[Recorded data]
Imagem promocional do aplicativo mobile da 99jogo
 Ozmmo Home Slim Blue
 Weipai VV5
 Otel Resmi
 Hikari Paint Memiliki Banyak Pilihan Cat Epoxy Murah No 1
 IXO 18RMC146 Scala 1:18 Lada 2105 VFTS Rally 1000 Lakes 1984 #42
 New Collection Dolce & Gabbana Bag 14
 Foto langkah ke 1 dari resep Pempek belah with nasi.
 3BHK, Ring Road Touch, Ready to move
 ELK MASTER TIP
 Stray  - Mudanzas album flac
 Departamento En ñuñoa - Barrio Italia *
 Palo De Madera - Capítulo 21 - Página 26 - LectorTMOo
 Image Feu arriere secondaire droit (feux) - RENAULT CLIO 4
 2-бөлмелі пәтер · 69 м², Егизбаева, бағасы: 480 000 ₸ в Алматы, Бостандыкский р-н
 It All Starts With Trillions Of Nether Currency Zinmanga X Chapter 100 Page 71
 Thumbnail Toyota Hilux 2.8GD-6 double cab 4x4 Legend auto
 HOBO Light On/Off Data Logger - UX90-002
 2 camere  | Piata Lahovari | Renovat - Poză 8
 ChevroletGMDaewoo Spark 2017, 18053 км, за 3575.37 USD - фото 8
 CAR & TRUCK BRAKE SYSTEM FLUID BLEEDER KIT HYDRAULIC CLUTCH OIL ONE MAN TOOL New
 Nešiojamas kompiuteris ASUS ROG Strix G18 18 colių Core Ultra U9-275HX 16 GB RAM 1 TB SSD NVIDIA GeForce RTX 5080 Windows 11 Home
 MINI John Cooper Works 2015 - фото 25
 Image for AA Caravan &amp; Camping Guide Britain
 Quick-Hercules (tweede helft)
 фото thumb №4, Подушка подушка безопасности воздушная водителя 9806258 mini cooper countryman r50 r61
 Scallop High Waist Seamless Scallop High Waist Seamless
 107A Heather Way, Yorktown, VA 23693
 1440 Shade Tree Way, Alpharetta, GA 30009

● **Problem details**: A word-for-word restatement of the records above from the line containing "фото thumb №4, Подушка" to their final line is all the answer should hold.

● **Expected output**:
 фото thumb №4, Подушка подушка безопасности воздушная водителя 9806258 mini cooper countryman r50 r61
 Scallop High Waist Seamless Scallop High Waist Seamless
 107A Heather Way, Yorktown, VA 23693
 1440 Shade Tree Way, Alpharetta, GA 30009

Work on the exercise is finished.